Date: 12/31/2009 at 11:28:56
From: John
Subject: Square root of two

Look at a series of pairs of numbers

(a, b)
(c, d)
(e, f)

... such that

c = a + b
d = a + c
e = c + d
f = c + e

... and so on.

If you start with a = 0 and b = 1, the series runs ...

(0, 1)
(1, 1)
(2, 3)
(5, 7)
(12, 17)
(29, 41)
(70, 99)

Now look at the ratio of the larger number in each ordered pair to the
smaller one. It gets ever closer to sqrt(2).
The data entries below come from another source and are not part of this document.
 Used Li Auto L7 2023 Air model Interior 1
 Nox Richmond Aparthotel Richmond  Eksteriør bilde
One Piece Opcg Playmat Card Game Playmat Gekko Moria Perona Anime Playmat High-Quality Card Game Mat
For example, the 13th ordered
pair is (13860, 19601), and 19601/13860 = 1.41421356...., which is very
close to the square root of two.

For any seed n in (0, n), this ratio remains the same, with every number
in the series multiplied by n.

Can you explain in simple terms why this series converges on sqrt(2)?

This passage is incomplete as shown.